Peepcode has a series on rails:
http://www.rubyinside.com/peepcode-releases-the-meet-rails-3-screencast-series-4039.html
Rails Zombies is a fun introduction:
http://railsforzombies.org/
Another great service is Rails hotline … this one you phone up and
you get a rails programmer on the phone who will talk you through your
problem … if you find he has really helped you, then you can buy the
group some more phone minutes … this is all explained at the web
site:
Another site, just for reference, is a real expensive site but for
folks who are already proficient in rails but want some more power …
owningrails:
I guess that is it for me … I think there are even more resources
but maybe some of the other members could fill you in on those.
Keep on riding the rails.
thanks very much, i m newbie too
http://RubyLearning.com is there for you too.
There is a Core Ruby batch starting in about a week as well. Not
‘Rails-centric’ but Ruby-centric.
Thanks Friends. All the above links are really very helpful.

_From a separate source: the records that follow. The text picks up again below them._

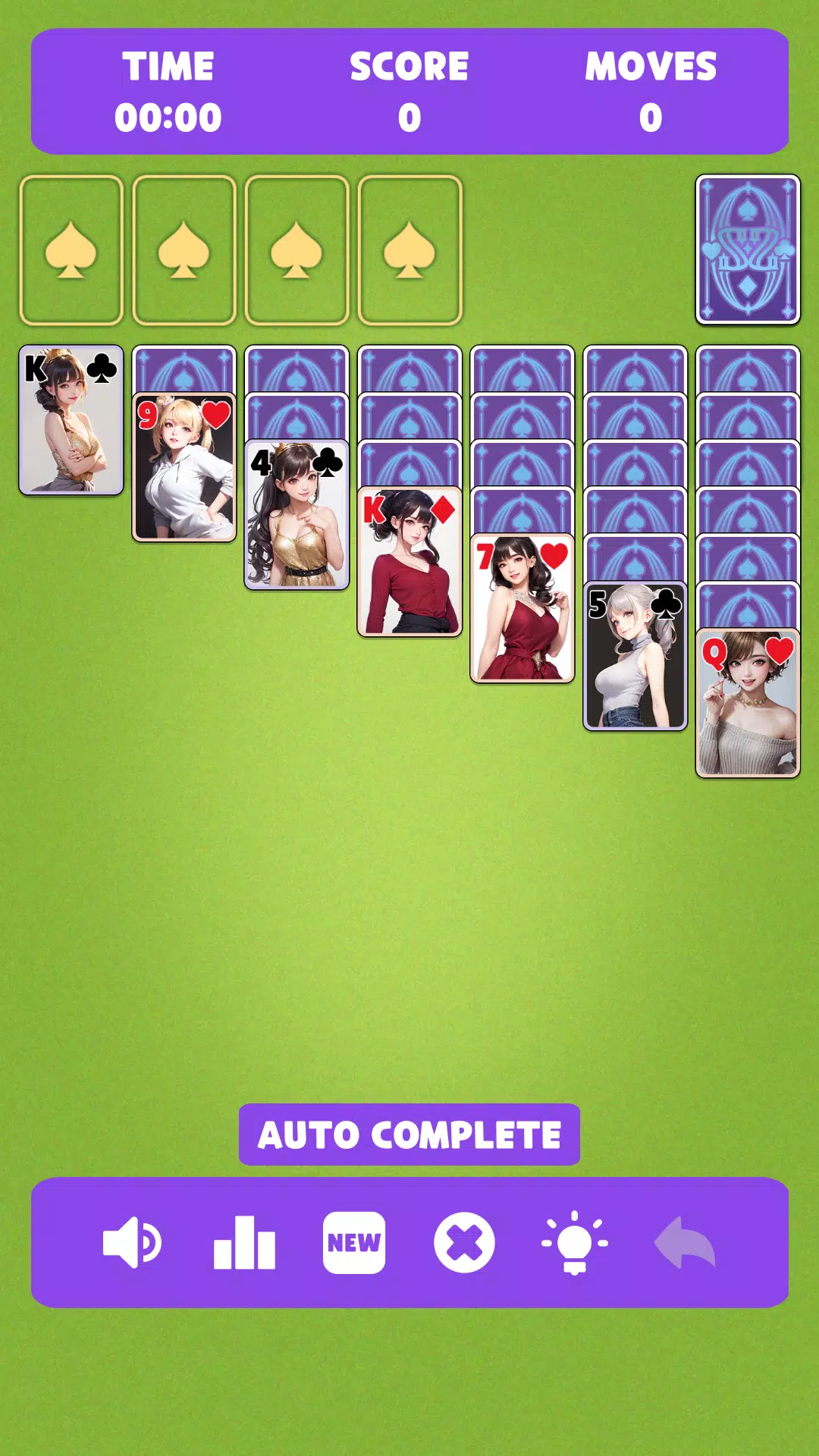 Sexy solitaire girls: ani card Capture d'écran 1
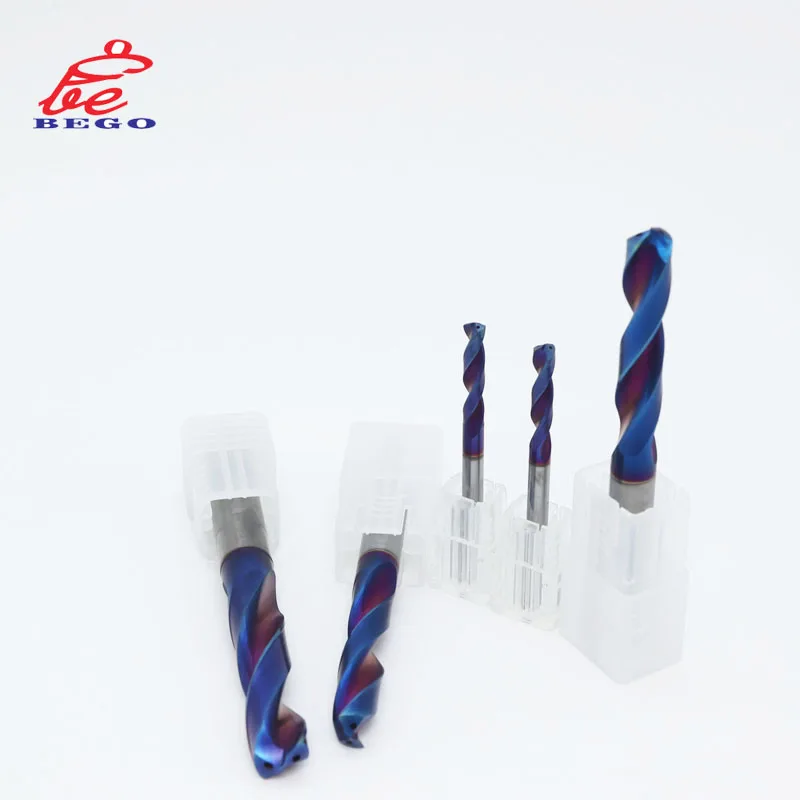 Cnc Drilling Tools Blue Nano Carbide Drill Bits Coolant Hole Carbide Drill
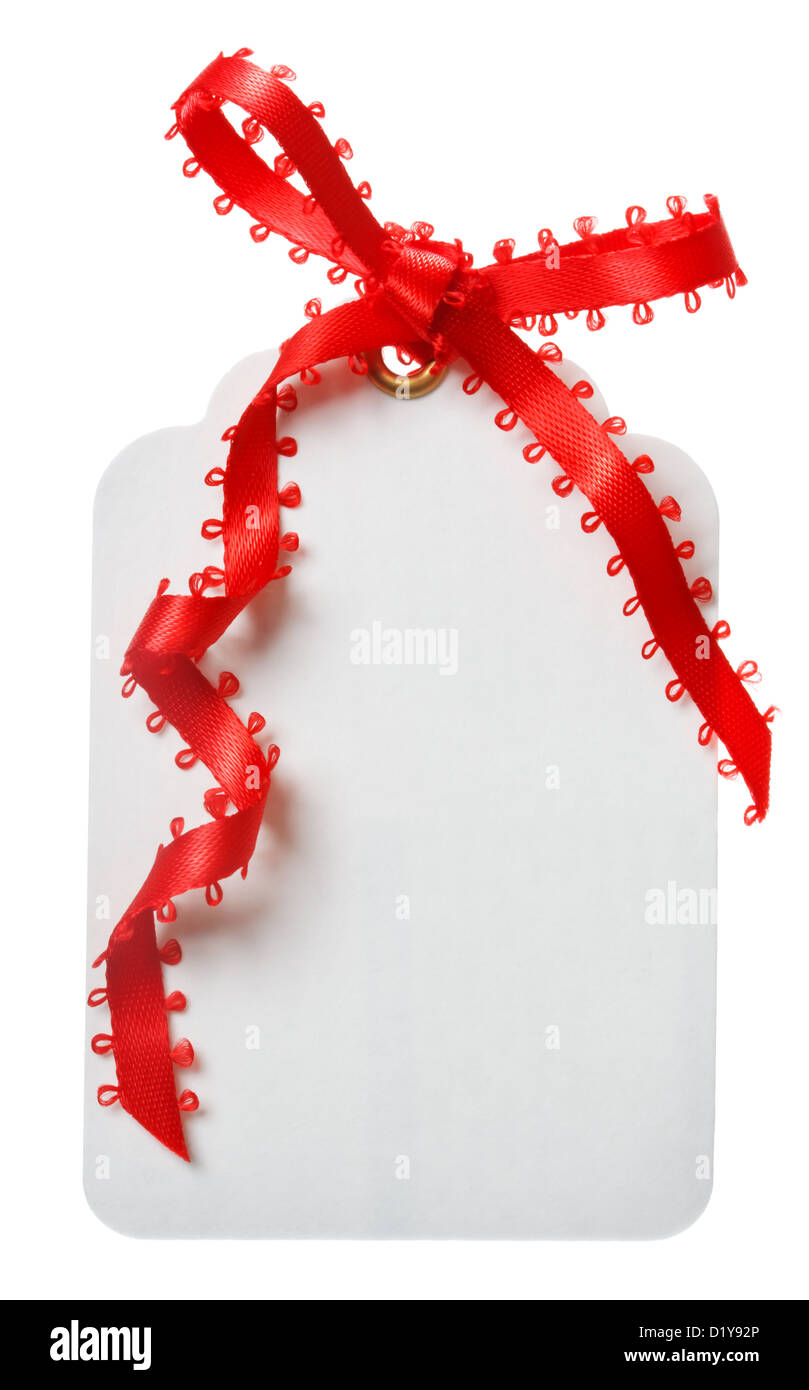 Preisschild mit rotem Band auf weißem Hintergrund Stockfoto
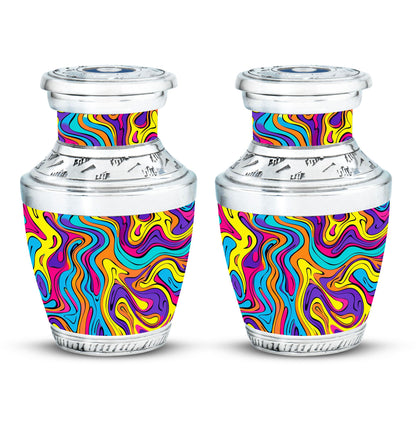 Colorful Personalized Artistic Cremation Urn for Human Ashes - 10-inch, 200 cu in - Yatskia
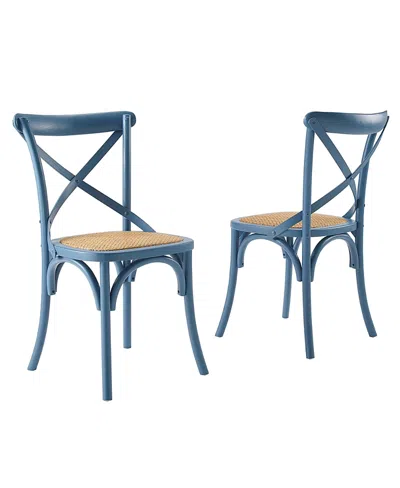 Modway Gear Dining Side Chair, Set Of 2 In Blue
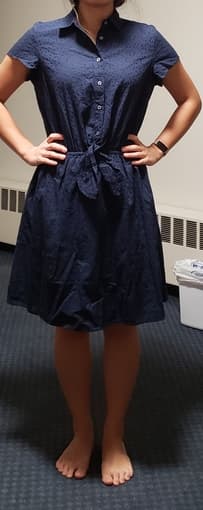 J.Crew women's dress, navy eyelet bow 1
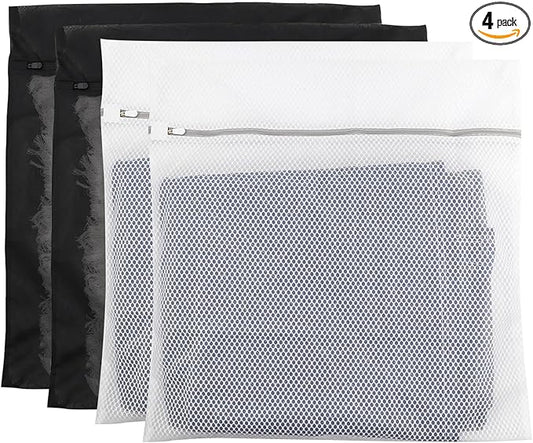 4Pack Mesh Laundry Bag Delicates Laundry Bag-Extra Large Durable Wash Bag with Honeycomb Mesh Big Clothes,Household,Bed Sheet,Stuffed Toys,Curtain,Blanket,Bedcover,Sweater,24x24In(2Black & 2White)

http://ureddit.com/class/40250/web-programming-with-ruby-on-rails -
This is a good choice to supplement with the Ruby on Rails tutorial.
Once you get through these comfortably, you can move onto more
advanced topics, and books.
Also, Try keeping a blog as a journal and keep track of your day to
day development. There are few problems that you’d keep encountering
over and over again. An example is of setting up the environment, and
common debugging problems that keep recurring.
In addition, Edxonline.org has a software as a service course that is
coming up which you can take. But you would need to become stronger
in the programming aspect.
Which platform are you developing on ? Windows, Linux, Mac ?
Hi, Thanks for the Link. I am working on Linux environment…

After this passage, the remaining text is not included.